Postby AquilaJordyn » Fri Aug 31, 2018 11:54 am

Valentine Z wrote:I wonder, is there an ancestry test that works on an international scale? Or am I out of luck and have to seek my own family for Burmese stuff? :?

Ancestry will do it, but let's just say it's harder if you're not from Europe. For example, for native Americans, a people spanning two continents, there are like three or four 'gene pools' basically, the site cuts areas up into identifiable groups of people irrespective of national boundaries or anything like that. They do this by having a large pool of people who have given them samples of their DNA. The more DNA they have, the better and more specific they can get. Most of their donors are of European descent, so while I can say I am Irish but not probably not Welsh, a native American couldn't tell if they are Mohawk or Sioux. In your case, you should be able to see if you're from South East Asia, or say, India, China, Japan & Korea, (Japan and Korea combined, you couldn't figure out which). But you'd never know if your Burmese specifically, unless it picks up on an immigrant group from there. For example, my family from Ireland came from Cork county Ireland, and I know that (Besides my grandmother telling me so) because the site figured out that I'm related to the waves of Irish from Cork that moved to the U.S.A. it did the same for my dad's French immigrants to Quebec.

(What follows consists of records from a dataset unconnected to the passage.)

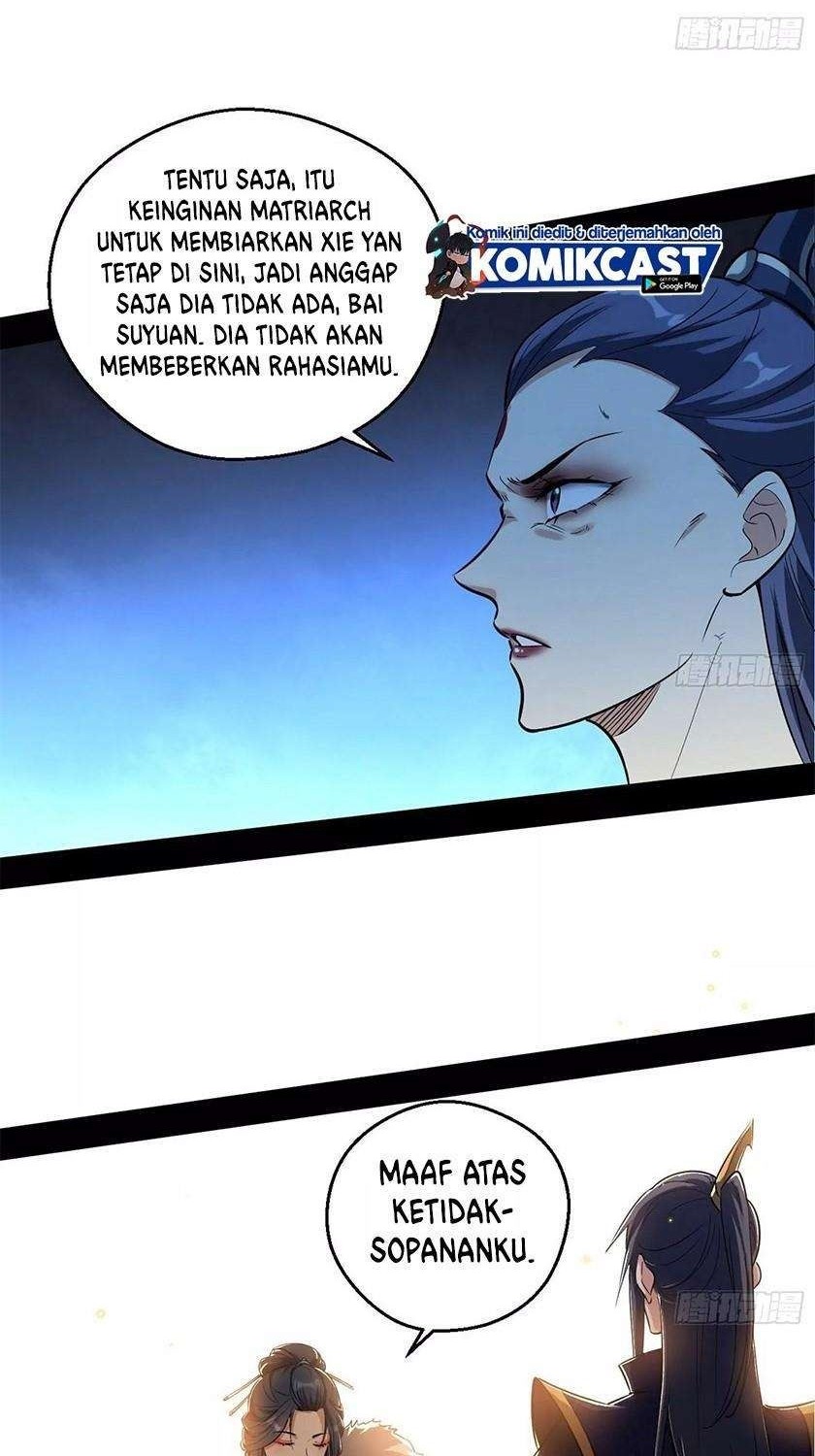 I’m An Evil God Chapter 87 halaman 21
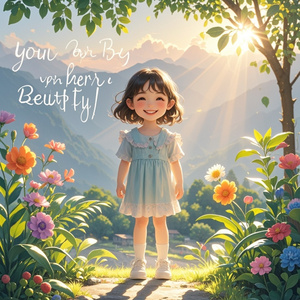 你为何如此美丽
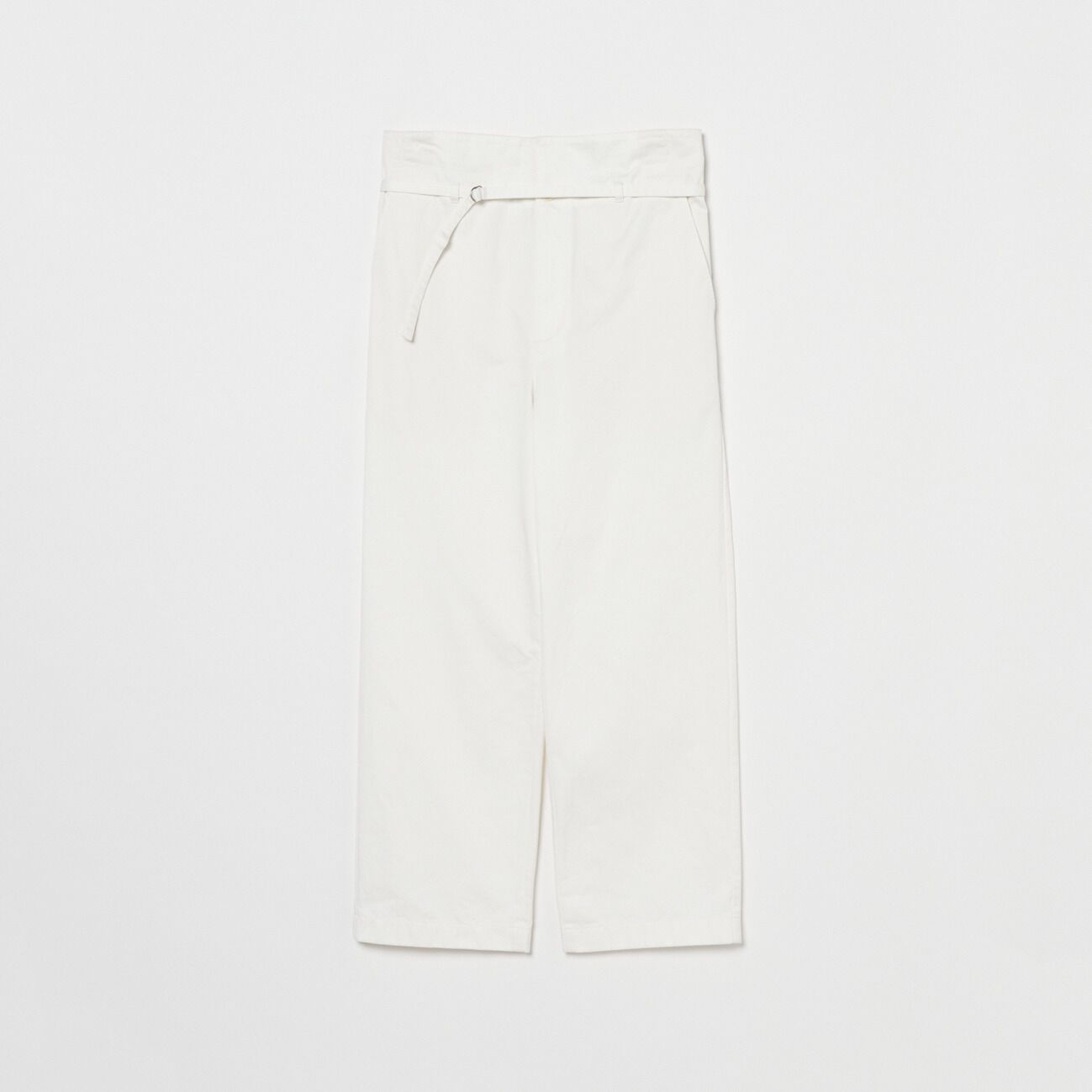 HELIOPOLE「HELIOPOLE TURNBACK PANTS」|チノ|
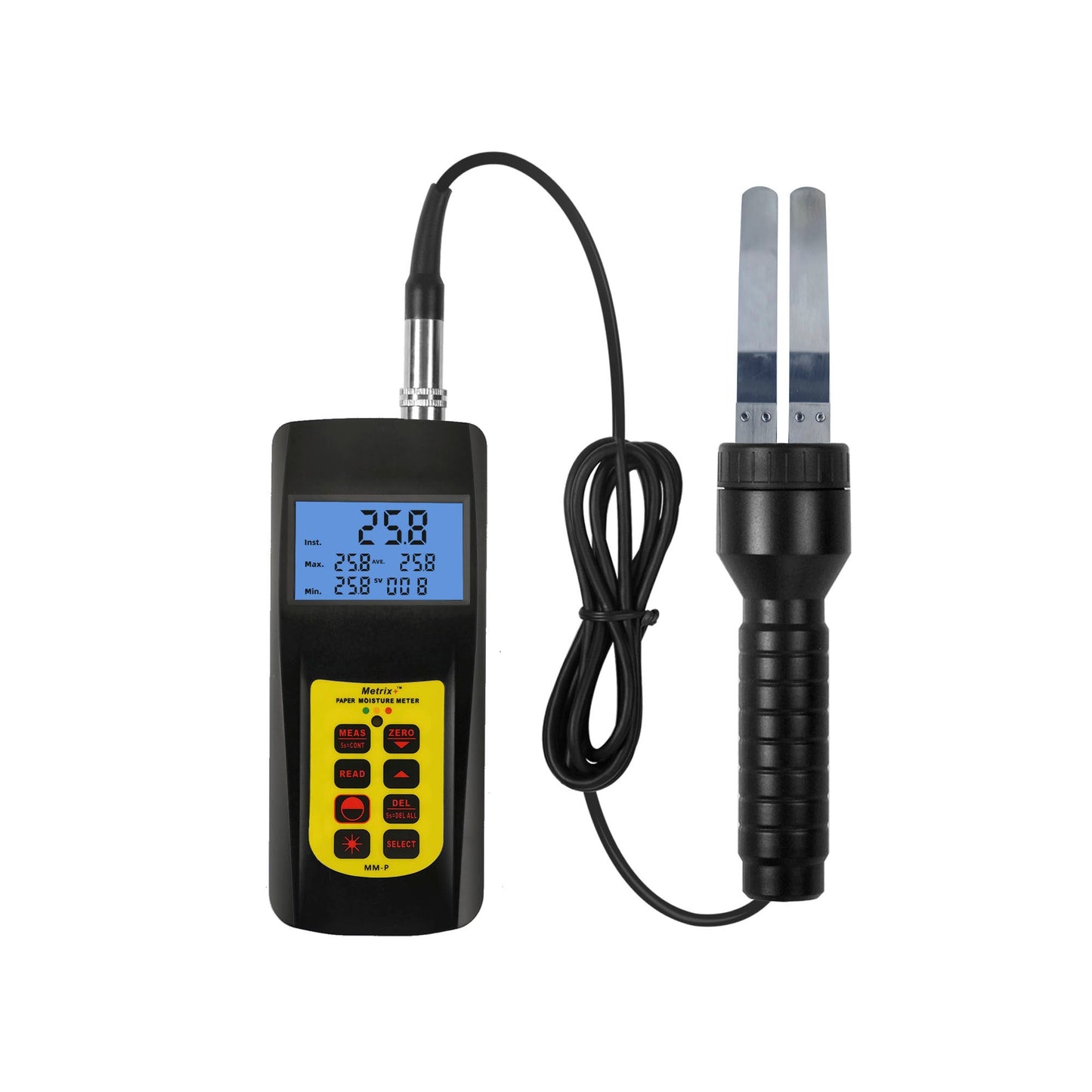 METRIX+ MM-P (PAPER MOISTURE METER)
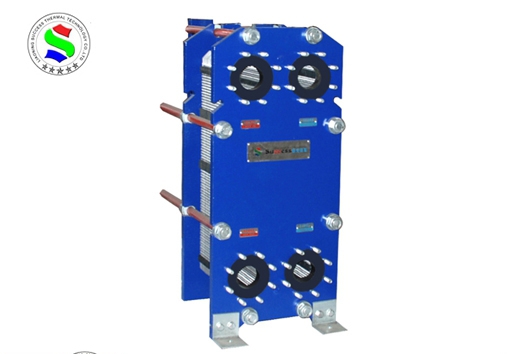 山东冷却板式换热器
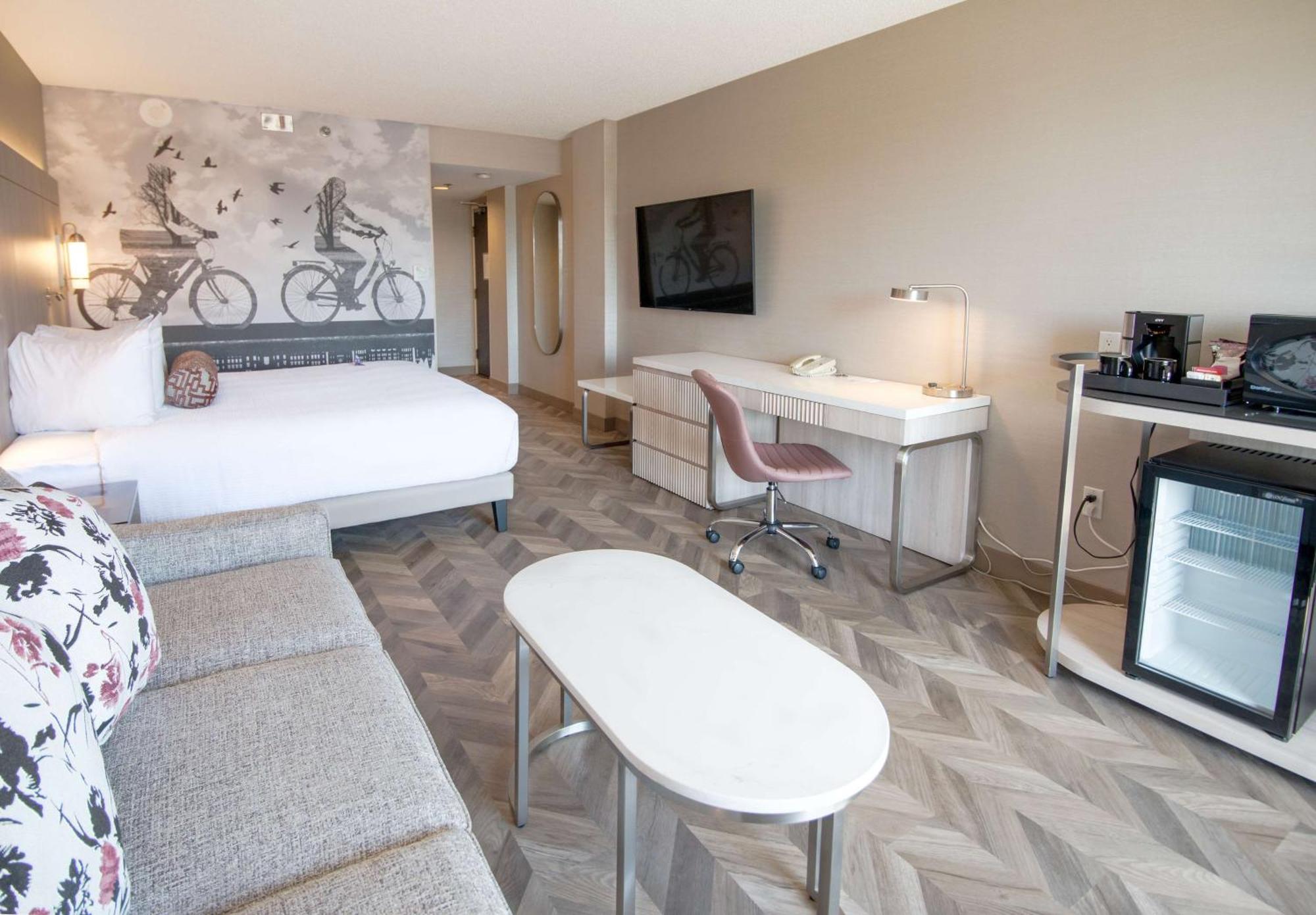 Coast Victoria Hotel & Marina By Apa Exteriér fotografie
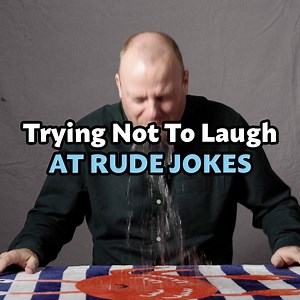 Is he allowed to say these? 😂 #laugh #comedy #challenge | Tiny Tim's Adventures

In short, no, unless your family immigrated from there or has some documented group the site knows about. It would just come up as South East Asian. I'm sorry, the site told me I was 'Eastern European" but couldn't say country I was from, where my family lived specifically. You can however look up DNA matches. I found a huge clump in Hungary, so I'm presuming I'm probably Hungarian. You could see if you have a lot of DNA matches from Burma, that might help, but you can't be 100% sure on it.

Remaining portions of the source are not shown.